WHAT THE TASK ASKS:
After reading each line of the entries, give the number of lines that contain "with" and nothing else.

Extracted data entries
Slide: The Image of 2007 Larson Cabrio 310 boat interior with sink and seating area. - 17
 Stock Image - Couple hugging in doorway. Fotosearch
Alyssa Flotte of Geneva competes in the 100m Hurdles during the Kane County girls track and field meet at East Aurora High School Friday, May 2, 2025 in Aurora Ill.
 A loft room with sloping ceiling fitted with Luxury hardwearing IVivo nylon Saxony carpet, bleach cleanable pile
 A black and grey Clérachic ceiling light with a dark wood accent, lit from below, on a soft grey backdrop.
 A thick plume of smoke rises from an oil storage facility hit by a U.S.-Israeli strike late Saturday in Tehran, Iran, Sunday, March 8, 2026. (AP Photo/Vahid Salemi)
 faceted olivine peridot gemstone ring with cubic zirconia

YOUR SOLUTION:
4